Arriving Without Making Yourself Small
There is a moment that decides everything. The first evening. You set down the suitcase, you walk through the rooms, you look around. In a hotel a quiet emptiness often follows. In the right apartment something else follows, a sigh of relief.
The three pictures show exactly the places where this sigh of relief happens. The table you sit down at. The kitchen where you make the first coffee. The bathroom where the towels already lie ready for you. None of these places cry out for attention. Together they give you the feeling of being welcome.

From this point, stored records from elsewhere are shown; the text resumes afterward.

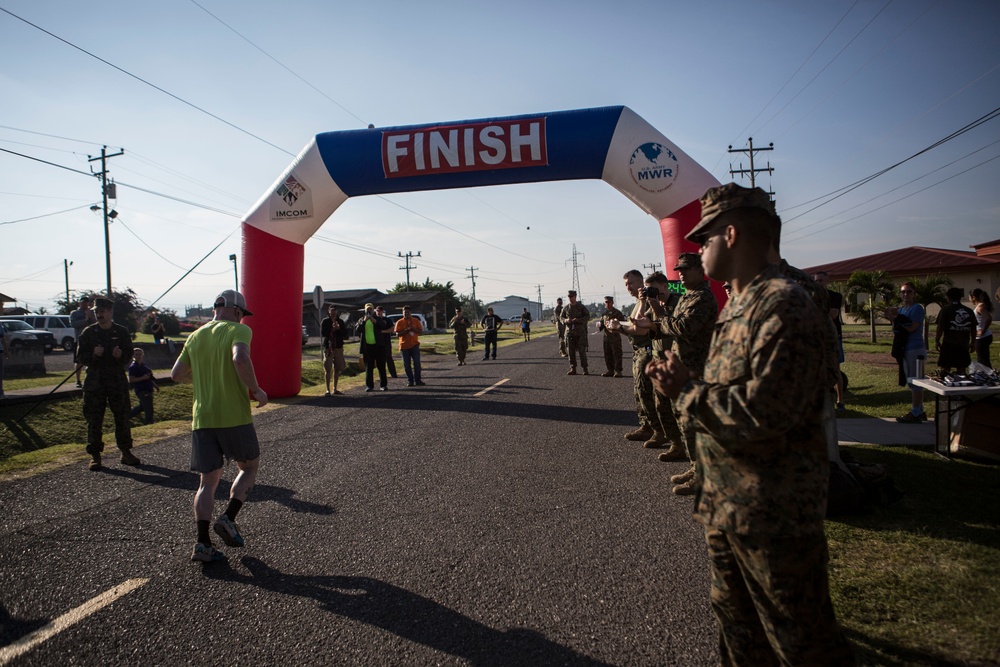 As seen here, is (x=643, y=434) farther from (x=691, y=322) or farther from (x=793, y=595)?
(x=793, y=595)

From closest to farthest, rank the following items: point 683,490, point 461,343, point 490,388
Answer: point 683,490
point 490,388
point 461,343

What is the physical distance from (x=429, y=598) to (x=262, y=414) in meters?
8.15

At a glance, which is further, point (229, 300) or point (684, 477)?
point (684, 477)

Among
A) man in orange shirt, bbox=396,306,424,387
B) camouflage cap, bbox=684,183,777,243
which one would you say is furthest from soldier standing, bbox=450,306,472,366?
camouflage cap, bbox=684,183,777,243

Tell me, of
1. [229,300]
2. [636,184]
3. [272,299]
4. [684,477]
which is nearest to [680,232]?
[636,184]

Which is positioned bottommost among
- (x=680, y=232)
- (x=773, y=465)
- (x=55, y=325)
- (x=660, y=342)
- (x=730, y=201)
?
(x=773, y=465)

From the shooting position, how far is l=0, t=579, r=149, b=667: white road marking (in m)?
3.12

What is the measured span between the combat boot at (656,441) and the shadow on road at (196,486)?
3.85 m

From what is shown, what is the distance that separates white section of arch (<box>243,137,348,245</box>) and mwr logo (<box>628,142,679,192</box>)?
607cm

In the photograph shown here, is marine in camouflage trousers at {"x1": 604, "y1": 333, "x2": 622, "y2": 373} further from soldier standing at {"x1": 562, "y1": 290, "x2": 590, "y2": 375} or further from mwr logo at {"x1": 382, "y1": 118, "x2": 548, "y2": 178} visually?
mwr logo at {"x1": 382, "y1": 118, "x2": 548, "y2": 178}

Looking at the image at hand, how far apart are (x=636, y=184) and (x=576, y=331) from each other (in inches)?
210

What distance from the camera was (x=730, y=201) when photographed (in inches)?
88.0

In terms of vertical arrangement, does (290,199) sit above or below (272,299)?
above

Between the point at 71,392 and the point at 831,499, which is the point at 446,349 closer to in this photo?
the point at 71,392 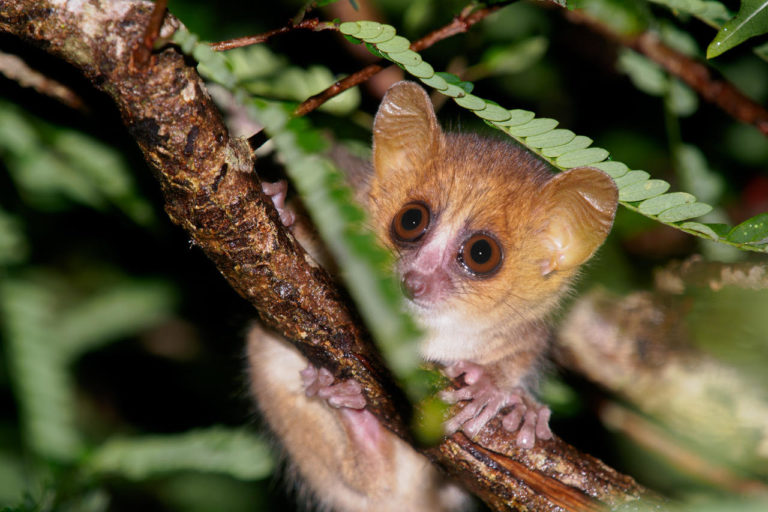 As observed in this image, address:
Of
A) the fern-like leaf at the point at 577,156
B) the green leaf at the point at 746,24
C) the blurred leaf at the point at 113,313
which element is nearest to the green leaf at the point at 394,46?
the fern-like leaf at the point at 577,156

Living for a while in Vienna on a business trip should not make you small, should not reduce you to a guest in your own daily life. It should carry you. Over weeks, through long days, until the moment you hand back the key and realise that you have lived a little here. That is what remains. Not the shine, but the ground beneath your feet.
Frequently asked
When does an apartment for a while make more sense than a hotel in Vienna?
As soon as nights turn into weeks. On longer projects you need a place to work, cook and unwind, not just a room. LAROGY Apartments start from 30 days.
What should a furnished apartment for a business trip have?
A table that can also be a desk, a real kitchen and a bathroom where you feel at home. Material and calm count more than the bare list of fittings.
Can you really cook in an apartment for a while?
Yes, and that is exactly what makes the difference. A complete kitchen gives you back a piece of daily life that is painfully missing in a hotel over weeks.
How important is the location for longer stays in Vienna?
Important, but not everything. How the space feels in the evening and which Graetzl surrounds you often decides more about whether you arrive or only stay overnight.